___ RECORD EXCERPTS

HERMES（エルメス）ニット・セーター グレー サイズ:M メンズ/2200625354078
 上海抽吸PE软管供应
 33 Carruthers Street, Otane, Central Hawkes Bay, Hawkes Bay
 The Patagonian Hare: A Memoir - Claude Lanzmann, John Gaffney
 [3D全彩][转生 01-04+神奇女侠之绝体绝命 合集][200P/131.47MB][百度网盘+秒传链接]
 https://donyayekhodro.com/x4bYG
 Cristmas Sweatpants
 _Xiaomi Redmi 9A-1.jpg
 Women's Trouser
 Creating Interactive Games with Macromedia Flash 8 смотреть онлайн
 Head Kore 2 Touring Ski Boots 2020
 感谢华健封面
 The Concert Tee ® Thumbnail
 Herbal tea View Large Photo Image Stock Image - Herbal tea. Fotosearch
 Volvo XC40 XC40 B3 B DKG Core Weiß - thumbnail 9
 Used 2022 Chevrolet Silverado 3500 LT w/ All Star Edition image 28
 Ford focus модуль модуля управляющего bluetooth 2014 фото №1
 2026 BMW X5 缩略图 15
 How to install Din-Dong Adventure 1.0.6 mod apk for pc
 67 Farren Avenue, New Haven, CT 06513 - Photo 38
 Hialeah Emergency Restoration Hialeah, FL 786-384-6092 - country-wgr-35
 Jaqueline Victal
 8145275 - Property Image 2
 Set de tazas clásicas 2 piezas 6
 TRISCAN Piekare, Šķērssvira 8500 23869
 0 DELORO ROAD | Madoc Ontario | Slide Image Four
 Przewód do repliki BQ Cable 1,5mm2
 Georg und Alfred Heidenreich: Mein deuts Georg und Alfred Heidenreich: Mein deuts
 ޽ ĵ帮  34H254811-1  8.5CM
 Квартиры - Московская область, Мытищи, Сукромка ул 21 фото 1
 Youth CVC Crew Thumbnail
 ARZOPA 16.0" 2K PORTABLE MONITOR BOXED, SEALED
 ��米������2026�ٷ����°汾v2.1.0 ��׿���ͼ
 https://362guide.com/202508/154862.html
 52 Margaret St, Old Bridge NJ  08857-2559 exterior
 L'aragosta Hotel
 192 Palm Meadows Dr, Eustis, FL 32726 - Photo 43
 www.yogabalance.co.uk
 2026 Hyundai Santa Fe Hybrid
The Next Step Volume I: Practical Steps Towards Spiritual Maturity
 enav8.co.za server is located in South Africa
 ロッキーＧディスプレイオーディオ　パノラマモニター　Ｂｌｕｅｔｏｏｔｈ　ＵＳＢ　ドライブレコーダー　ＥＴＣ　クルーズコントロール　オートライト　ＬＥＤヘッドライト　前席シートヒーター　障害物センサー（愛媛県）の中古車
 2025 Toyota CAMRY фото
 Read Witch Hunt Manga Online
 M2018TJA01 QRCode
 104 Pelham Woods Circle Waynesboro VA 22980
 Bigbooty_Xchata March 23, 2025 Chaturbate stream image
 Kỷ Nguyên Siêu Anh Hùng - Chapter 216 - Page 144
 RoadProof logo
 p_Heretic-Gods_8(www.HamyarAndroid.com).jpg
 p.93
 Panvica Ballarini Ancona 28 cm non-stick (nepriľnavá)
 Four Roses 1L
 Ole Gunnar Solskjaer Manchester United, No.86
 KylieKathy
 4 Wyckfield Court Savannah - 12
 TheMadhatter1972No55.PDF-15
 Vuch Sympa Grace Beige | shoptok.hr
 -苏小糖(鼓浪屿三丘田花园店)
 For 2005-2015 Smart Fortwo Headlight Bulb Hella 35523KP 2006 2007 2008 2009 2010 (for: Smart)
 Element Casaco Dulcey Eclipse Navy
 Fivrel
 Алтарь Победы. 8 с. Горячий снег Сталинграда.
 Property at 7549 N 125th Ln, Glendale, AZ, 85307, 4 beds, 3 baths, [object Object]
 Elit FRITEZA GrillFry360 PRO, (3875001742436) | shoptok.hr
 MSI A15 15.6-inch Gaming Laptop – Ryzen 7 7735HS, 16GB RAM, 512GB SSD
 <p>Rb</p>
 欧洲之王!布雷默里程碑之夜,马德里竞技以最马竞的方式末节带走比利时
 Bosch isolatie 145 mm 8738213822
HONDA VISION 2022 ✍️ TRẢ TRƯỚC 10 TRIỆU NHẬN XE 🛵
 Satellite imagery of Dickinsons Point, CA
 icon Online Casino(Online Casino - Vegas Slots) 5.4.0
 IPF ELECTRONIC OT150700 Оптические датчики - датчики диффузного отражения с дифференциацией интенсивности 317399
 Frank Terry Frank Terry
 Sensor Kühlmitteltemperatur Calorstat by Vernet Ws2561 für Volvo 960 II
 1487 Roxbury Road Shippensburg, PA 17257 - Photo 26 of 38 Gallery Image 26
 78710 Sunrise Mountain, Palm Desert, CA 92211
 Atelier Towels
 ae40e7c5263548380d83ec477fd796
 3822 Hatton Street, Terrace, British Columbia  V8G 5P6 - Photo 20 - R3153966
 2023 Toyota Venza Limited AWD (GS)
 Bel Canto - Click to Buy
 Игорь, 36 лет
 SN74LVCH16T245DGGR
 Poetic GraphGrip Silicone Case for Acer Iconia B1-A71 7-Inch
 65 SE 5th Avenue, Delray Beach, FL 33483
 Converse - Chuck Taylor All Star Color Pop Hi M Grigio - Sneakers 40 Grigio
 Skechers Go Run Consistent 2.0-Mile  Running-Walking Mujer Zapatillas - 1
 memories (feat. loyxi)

______

Quote the records above exactly, from the first line through the line containing "67 Farren Avenue, New", and nothing more.

RESULT OF THIS TASK:
HERMES（エルメス）ニット・セーター グレー サイズ:M メンズ/2200625354078
 上海抽吸PE软管供应
 33 Carruthers Street, Otane, Central Hawkes Bay, Hawkes Bay
 The Patagonian Hare: A Memoir - Claude Lanzmann, John Gaffney
 [3D全彩][转生 01-04+神奇女侠之绝体绝命 合集][200P/131.47MB][百度网盘+秒传链接]
 https://donyayekhodro.com/x4bYG
 Cristmas Sweatpants
 _Xiaomi Redmi 9A-1.jpg
 Women's Trouser
 Creating Interactive Games with Macromedia Flash 8 смотреть онлайн
 Head Kore 2 Touring Ski Boots 2020
 感谢华健封面
 The Concert Tee ® Thumbnail
 Herbal tea View Large Photo Image Stock Image - Herbal tea. Fotosearch
 Volvo XC40 XC40 B3 B DKG Core Weiß - thumbnail 9
 Used 2022 Chevrolet Silverado 3500 LT w/ All Star Edition image 28
 Ford focus модуль модуля управляющего bluetooth 2014 фото №1
 2026 BMW X5 缩略图 15
 How to install Din-Dong Adventure 1.0.6 mod apk for pc
 67 Farren Avenue, New Haven, CT 06513 - Photo 38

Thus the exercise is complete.